El cine de Park Chan-Wook no es ajeno a esta catalogación y, por tanto, no sería difícil echar mano de una dicotomía tan maniquea como la de obra maestra/basura para analizarlo. Esto, además de impulsar una reflexión en torno a la cantidad de obras maestras que se han producido en los últimos años, lleva directamente a preguntar por la obra en sí, alejada de las tendencias y la impostura crítica; centrada, pues, en los objetivos y el discurso cinematográfico de su autor. 

Más en Pasadizo  


Grindhouse

Esta semana se estrena Planet Terror, de Robert Rodríguez. Por ello, no viene mal rescatar la reseña que escribí en su momento sobre Grindhouse y que acaba de ser publicada íntegramente en Pasadizo.

Para todos los que no hayan visto ambos films, voy a dejar sólo la breve introducción que escribí.

Grindhouse ha generado una polémica elevada a nivel de protesta general debido a la absurda decisión de su compañía distribuidora que, en un arranque de poca lucidez y mucho marketing, ha decidido enviar cortada, dividida en dos films la originalmente concebida por Tarantino y Rodríguez como un film unitario plagado de guiños, homenajes y muestras de las B movies que consumían en su adolescencia -más Tarantino que Rodríguez, todo sea dicho-. El motivo, según la excusa oficial, ha sido que el público europeo carecía de la tradición de ese tipo de cines de barriada que en USA sí existen y están más acostumbrados, algo curioso, cuando no directamente insultante, puesto que precisamente en esas ciudades con tanta tradición por ese tipo de cines Grindhouse ha fracasado y, encima, según los analistas, en casi todas las proyecciones la gente recogía los trastos nada más finalizar la primera parte de los dos films previstos convencidos de que la proyección había finalizado. 
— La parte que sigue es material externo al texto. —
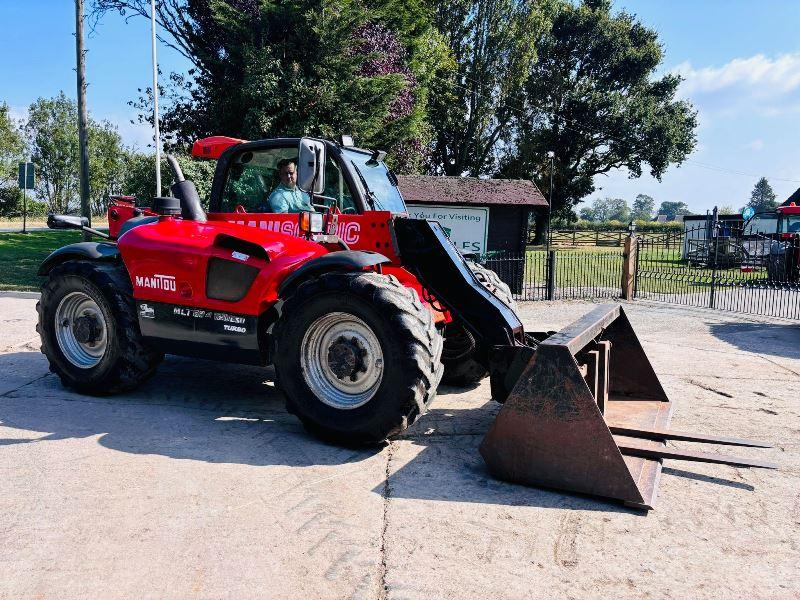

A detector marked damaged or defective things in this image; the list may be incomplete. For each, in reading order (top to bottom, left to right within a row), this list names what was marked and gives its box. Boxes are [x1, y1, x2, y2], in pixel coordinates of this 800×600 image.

concrete crack [380, 438, 396, 596]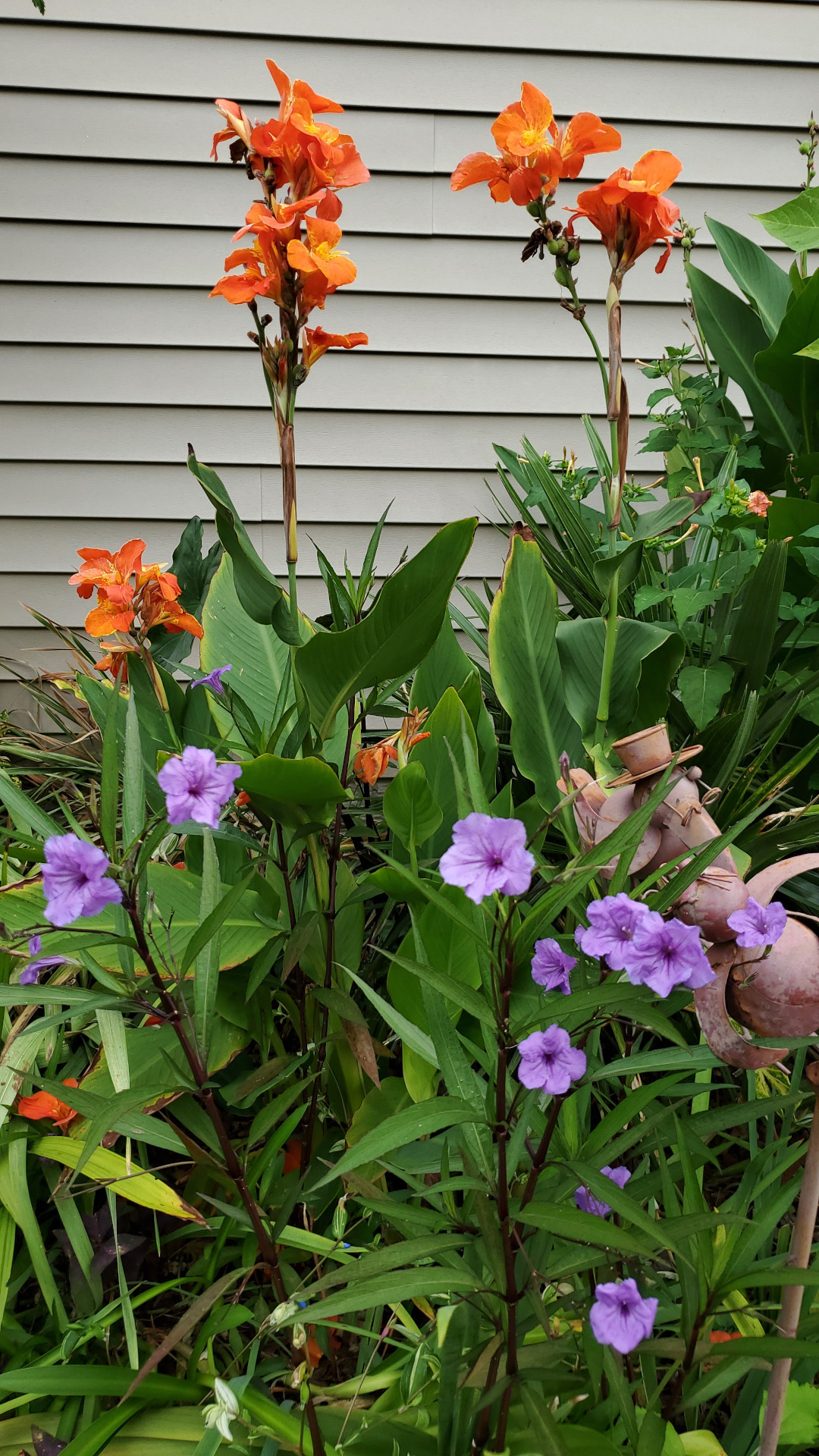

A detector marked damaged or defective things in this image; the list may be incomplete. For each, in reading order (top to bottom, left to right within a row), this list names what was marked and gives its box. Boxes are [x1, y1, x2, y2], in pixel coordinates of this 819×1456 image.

rusted metal hat [606, 719, 693, 786]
Polémicas al margen, quizá no sea una mala idea el haber dividido ambos films ya que, mirada como film unitario, Grindhouse es un trabajo muy irregular, excesivo e hiperbólico por momentos, que no acaba de empastar todo ese collage de texturas audiovisuales tan bien como podría haber sido si sus artífices no hubieran gozado de carta blanca para hacer todo aquello que les apeteciese y que, en momentos puntuales del film, contribuye a una saturación total de ideas, referencias más o menos afortunadas y pesados ejercicios de auto-complacencia cinematográfica.  
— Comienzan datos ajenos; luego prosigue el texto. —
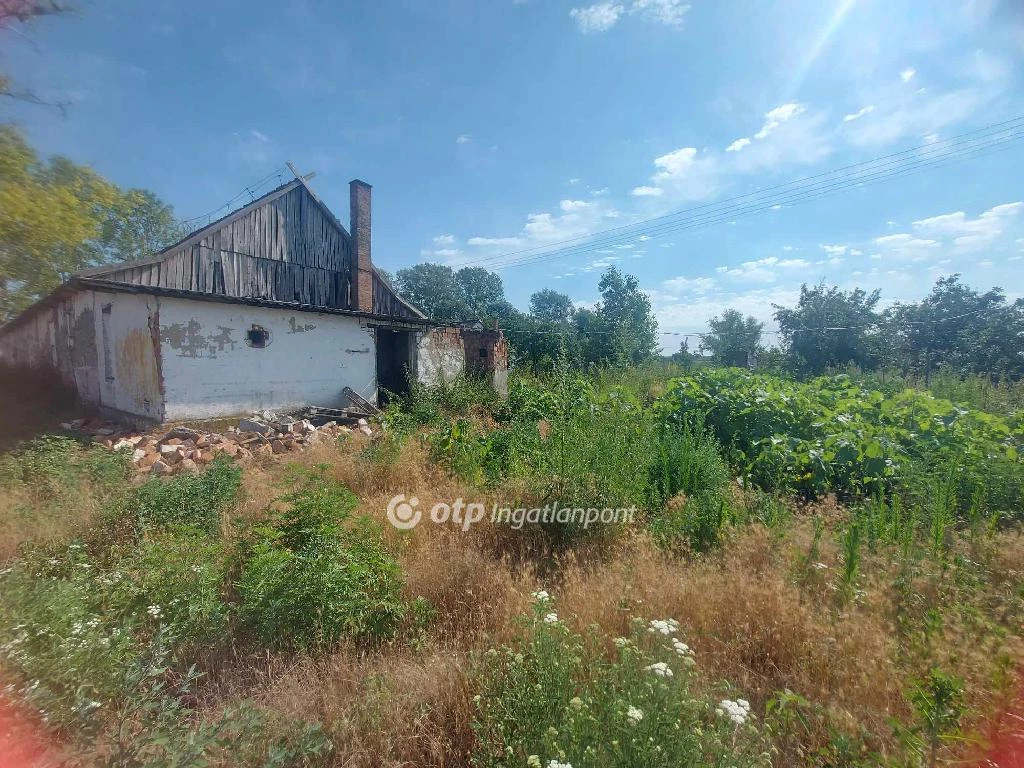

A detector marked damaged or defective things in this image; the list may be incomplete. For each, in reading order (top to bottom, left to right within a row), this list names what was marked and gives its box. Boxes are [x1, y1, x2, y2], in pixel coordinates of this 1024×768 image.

peeling plaster wall [0, 290, 160, 421]
peeling plaster wall [161, 299, 378, 421]
peeling plaster wall [415, 325, 464, 385]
De todas formas, Grindhouse arrastra la pesada sombra de ser un mero exploit realizado para sacar tajada a una forma de ver cine que los multiplex han ido eliminado con su crecimiento exponencial en las grandes ciudades. Así, no es difícil pronosticar que en breve, gracias al espaldarazo como productor de Tarantino o algún otro incondicional del género, comiencen a proliferar las double features de films con presupuestos irrisorios y tramas poco elaboradas que intenten explotar el viejo sabor de los films setenteros y ochenteros de terror y violencia, de un modo análogo a la operación quirúrgica de implantación en el colectivo cinematográfico norteamericano que hizo Tarantino con los films de Lucio Fulci -convertir cine malo en cine cool objeto de moda o tendencia cinematográfica; una suerte de explotación- y otros guerrilleros del cine menos elaborado, como si a fuerza de pregonar sus bondades fuera a hacerlos mejores directores de lo que en su momento fueran. 
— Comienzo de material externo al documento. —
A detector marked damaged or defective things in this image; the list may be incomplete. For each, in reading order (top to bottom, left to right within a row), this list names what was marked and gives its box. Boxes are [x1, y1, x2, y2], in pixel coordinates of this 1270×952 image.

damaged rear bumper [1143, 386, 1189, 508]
La operación lavado que han llevado a cabo Rodríguez y Tarantino de todos esos mitos de la subcultura converge en un film diferente y por ello digno de ser visto, con momentos de auténtico genio -casi siempre, cortesía de Tarantino- y concesiones al gore deliberadamente impactante -cortesía de Rodríguez y la KNB- aderezado por un puñado de trailers falsos que en algunos casos -Werewolf women of the SS, Thanksgiving o Don’t- superan con creces la calidad de las propuestas desarrolladas en formato largo.